[Collected data entries]

"""

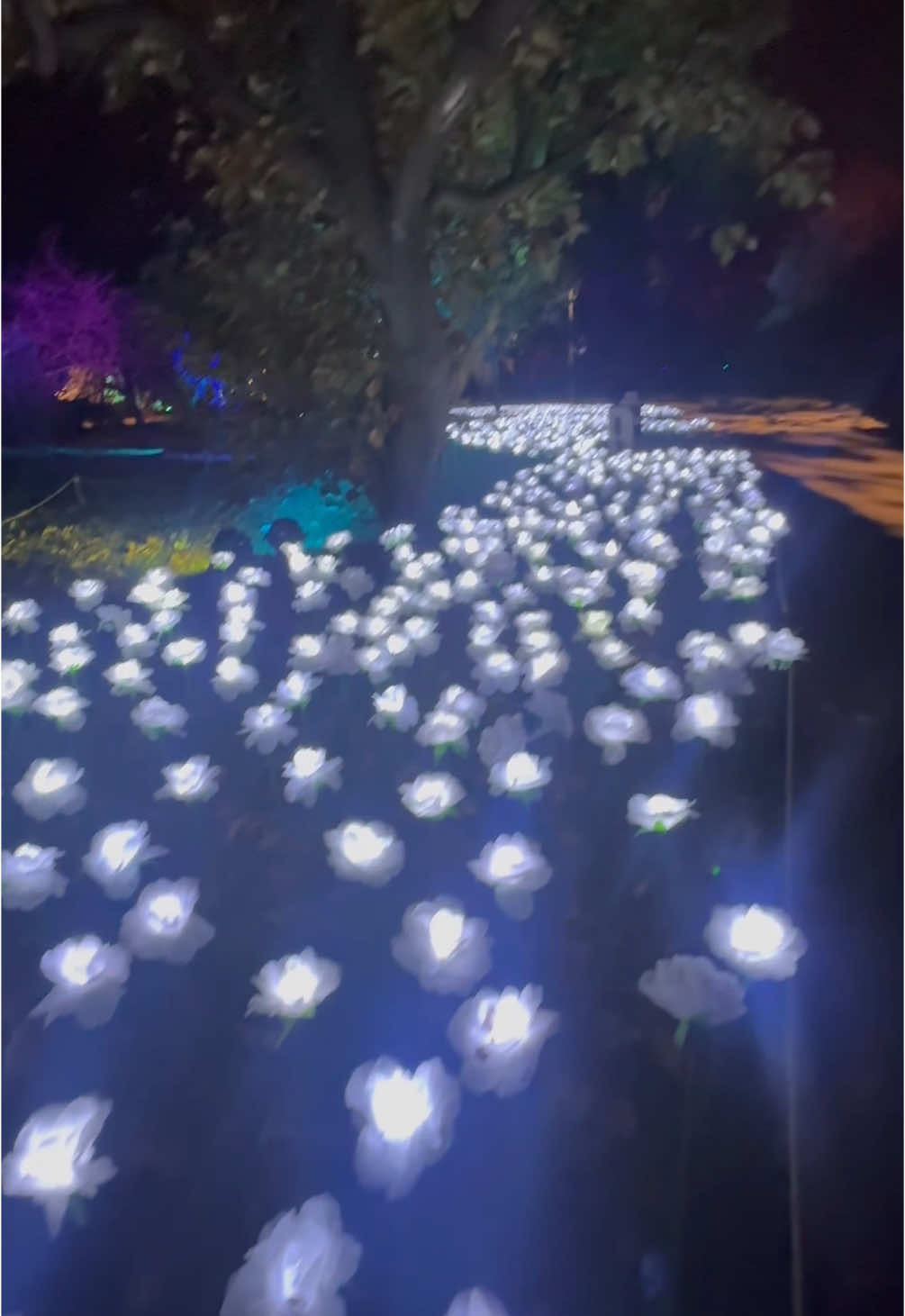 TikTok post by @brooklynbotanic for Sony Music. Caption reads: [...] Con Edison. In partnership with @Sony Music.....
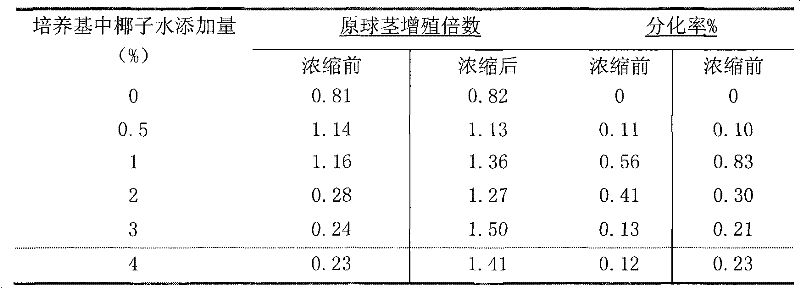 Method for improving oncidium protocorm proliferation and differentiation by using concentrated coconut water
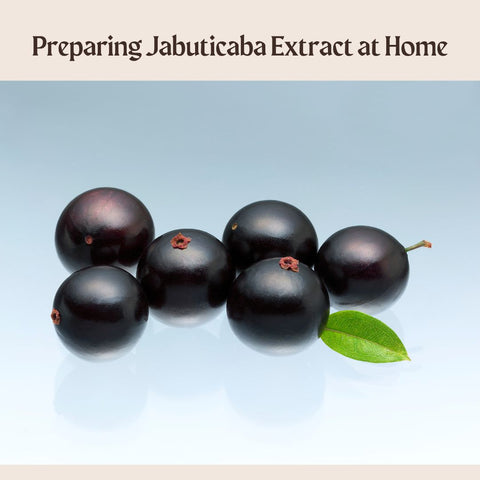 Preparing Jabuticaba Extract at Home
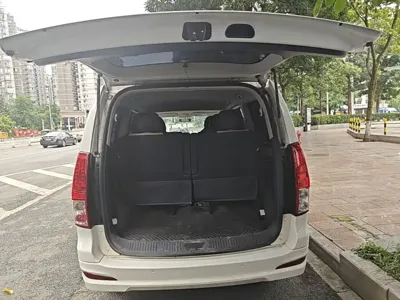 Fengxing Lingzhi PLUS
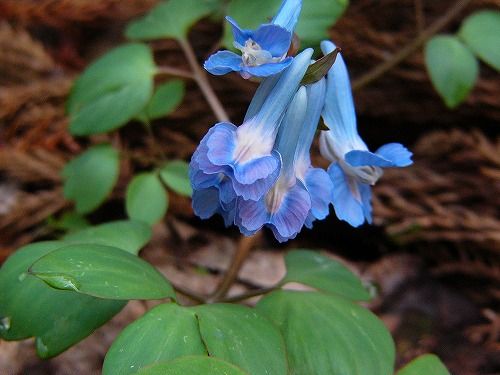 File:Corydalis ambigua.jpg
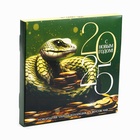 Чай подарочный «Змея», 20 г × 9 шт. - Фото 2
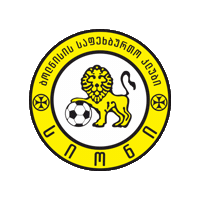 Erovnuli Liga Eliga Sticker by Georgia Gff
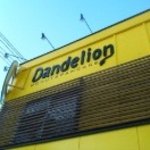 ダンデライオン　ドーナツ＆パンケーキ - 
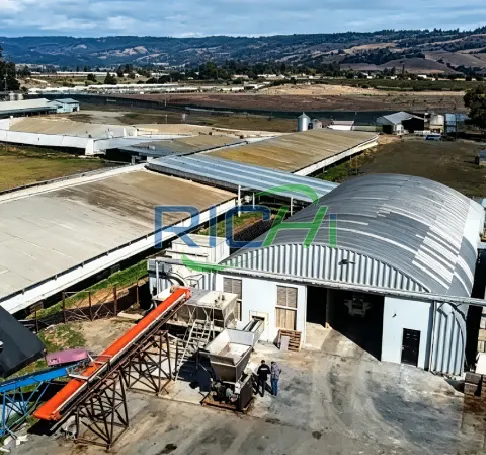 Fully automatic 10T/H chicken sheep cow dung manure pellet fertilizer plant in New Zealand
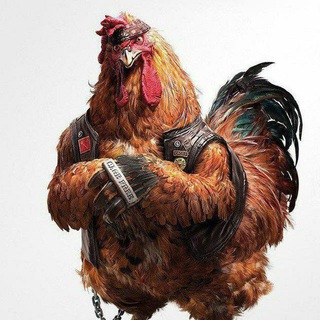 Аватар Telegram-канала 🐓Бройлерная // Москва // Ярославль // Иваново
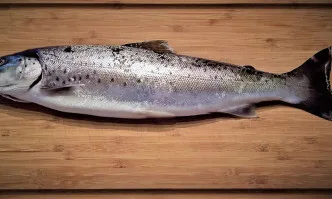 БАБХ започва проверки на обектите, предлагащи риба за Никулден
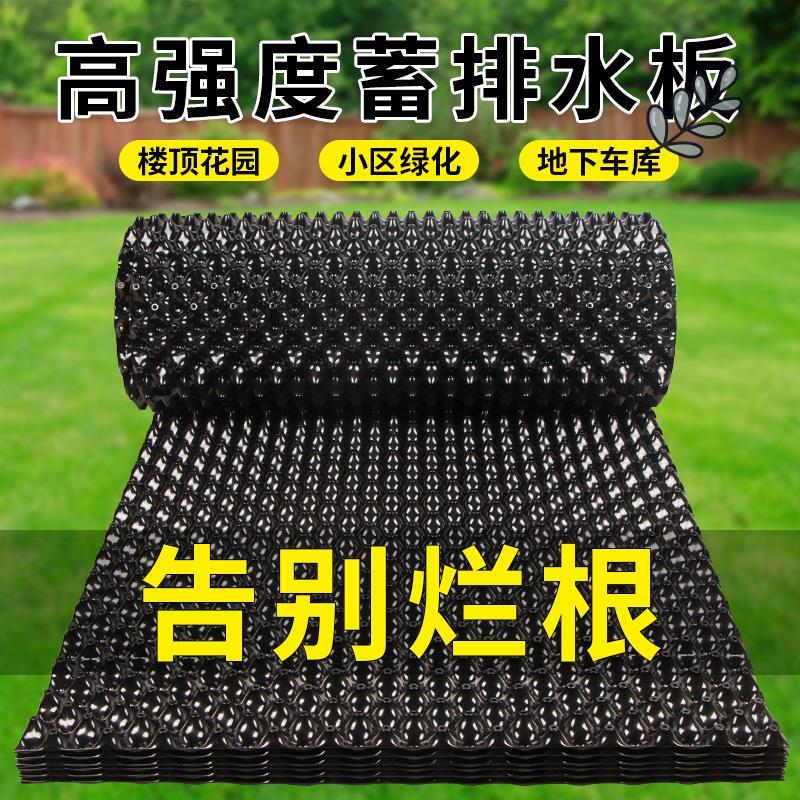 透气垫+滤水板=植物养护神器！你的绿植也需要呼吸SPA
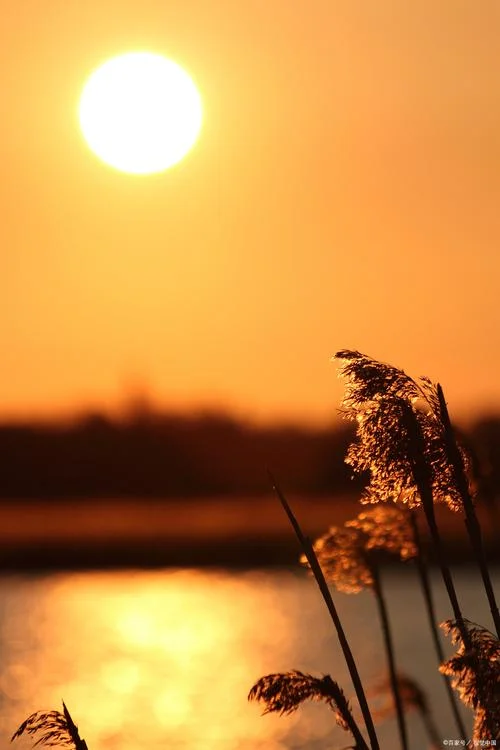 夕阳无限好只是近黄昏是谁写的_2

"""

Reproduce nothing but the lines running from the line with "Preparing Jabuticaba Extract at Home" through the end of the records, keeping both end lines and dropping the pictures.

 Preparing Jabuticaba Extract at Home
 Fengxing Lingzhi PLUS
 File:Corydalis ambigua.jpg
 Чай подарочный «Змея», 20 г × 9 шт. - Фото 2
 Erovnuli Liga Eliga Sticker by Georgia Gff
 ダンデライオン　ドーナツ＆パンケーキ - 
 Fully automatic 10T/H chicken sheep cow dung manure pellet fertilizer plant in New Zealand
 Аватар Telegram-канала 🐓Бройлерная // Москва // Ярославль // Иваново
 БАБХ започва проверки на обектите, предлагащи риба за Никулден
 透气垫+滤水板=植物养护神器！你的绿植也需要呼吸SPA
 夕阳无限好只是近黄昏是谁写的_2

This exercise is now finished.